# Girls - Training Advise



## Great White (Apr 4, 2003)

Hey Gals (and Guys)

Currentally re-writing Clares trianing program to tone up for summer.

Could you help me throw something together for her.

This is roughly what i have her doing at the moment.

Mon - Chest, Tris and Abs

Tue - Thighs and Abs

Wed - Rest

Thur - Biceps, Lowerback and abs

Fri - Shoulders, Hams and Calves

Sat - Rest (Unless I go to the gym, then she'll do a bit)

Sun - Rest

Have her doing 2 - 3 Excersises per body part, 3 sets of 15 - 20 reps per set.

Is this to much for her? Am i working her to hard?
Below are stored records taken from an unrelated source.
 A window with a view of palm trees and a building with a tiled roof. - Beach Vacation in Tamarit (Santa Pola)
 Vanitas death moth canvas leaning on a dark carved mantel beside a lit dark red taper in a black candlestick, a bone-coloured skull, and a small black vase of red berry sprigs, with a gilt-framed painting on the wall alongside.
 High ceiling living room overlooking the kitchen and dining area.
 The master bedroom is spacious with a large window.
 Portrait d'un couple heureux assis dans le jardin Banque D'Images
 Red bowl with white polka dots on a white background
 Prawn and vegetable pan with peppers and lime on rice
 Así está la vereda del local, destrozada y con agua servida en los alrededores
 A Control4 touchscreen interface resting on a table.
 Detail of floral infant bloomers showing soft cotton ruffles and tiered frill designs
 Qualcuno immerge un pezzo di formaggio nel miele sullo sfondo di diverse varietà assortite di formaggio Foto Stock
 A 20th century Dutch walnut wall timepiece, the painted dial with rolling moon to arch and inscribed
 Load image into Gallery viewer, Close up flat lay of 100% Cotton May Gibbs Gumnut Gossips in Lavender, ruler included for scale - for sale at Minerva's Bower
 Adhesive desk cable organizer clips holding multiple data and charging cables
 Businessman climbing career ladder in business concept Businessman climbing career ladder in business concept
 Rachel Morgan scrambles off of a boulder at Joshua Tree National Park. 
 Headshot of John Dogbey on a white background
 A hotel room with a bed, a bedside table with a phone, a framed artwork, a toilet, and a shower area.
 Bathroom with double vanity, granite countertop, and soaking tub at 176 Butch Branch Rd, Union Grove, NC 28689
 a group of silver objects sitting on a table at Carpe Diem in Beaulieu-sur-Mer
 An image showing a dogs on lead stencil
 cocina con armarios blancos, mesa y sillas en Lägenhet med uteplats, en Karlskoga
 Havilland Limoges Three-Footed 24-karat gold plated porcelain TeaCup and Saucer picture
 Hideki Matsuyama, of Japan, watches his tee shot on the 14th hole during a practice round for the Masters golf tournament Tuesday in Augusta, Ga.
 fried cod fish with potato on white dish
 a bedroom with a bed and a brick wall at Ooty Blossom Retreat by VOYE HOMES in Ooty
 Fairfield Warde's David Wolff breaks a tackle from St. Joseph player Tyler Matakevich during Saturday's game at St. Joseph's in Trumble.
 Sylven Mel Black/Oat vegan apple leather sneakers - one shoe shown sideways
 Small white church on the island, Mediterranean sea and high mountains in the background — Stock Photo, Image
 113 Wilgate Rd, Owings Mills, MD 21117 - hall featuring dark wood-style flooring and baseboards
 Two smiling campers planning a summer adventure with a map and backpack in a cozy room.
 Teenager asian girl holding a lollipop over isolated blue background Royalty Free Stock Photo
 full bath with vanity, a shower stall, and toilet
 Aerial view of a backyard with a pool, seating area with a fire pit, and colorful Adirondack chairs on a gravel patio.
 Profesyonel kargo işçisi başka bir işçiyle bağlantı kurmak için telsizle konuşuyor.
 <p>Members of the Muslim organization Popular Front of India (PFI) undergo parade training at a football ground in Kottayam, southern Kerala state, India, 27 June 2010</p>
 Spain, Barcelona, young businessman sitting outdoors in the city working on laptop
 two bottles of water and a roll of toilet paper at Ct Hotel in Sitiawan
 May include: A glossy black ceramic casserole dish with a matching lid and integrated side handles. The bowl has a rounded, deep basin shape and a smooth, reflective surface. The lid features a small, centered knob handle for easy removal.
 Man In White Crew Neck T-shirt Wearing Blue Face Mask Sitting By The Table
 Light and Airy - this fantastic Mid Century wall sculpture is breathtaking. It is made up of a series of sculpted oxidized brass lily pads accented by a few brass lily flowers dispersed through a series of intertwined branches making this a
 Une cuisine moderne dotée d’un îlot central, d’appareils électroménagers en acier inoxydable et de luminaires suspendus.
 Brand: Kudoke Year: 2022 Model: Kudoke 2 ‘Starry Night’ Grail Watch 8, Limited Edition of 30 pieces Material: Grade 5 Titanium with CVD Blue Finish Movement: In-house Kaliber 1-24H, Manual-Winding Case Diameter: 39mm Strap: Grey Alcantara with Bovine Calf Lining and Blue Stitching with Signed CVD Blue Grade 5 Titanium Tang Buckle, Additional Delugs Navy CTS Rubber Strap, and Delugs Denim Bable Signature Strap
Supplements i currentally have her on are:

Pro MS

Glutamine

Multi Vitamin

Fish Oils

She also takes Clen 2 weeks on / 2 weeks off.

Shes currentally at 5ft 9" (I think  @ 9 stone 2 (128lb)

Her goals are to tone up and gain some good muscle.

Paul


----------



## Lauren (Jan 20, 2005)

Okay, supplements wise - is perfect.

Is her diet good too???

Training wise - I would let her do the same exercises as you, but obviously not the same weight. LOL

She will be fine doing 10-12 reps on sets 1 & 2. Then on her last set she can go to failure on heavy weights.

I personally hate doing light weights, never get any benefits from them and I like to feel my muscles working and getting a pump.

I would also train legs on the same night, wouldn't bother splitting them up!

But thats just my opinion!

Good luck to her.


----------



## Kel (Jan 24, 2005)

Lauren said:


> Okay, supplements wise - is perfect.
> 
> Is her diet good too???
> 
> ...


I would agree 100% with Lauren and drop the reps i cant stand light weights either.


----------



## Great White (Apr 4, 2003)

Lauren said:


> Training wise - I would let her do the same exercises as you, but obviously not the same weight. LOL


I suppose I could always ask Robdog to come and train with her, at least then, they dont need to keep changing the weights between sets  :bounce:


----------



## Great White (Apr 4, 2003)

Seriously -

Thanks for the info, both of you.

I`ll write out a full plan for her later and post it up.

If you wouldnt mind, you can comment on it then  

Thanks

PAul


----------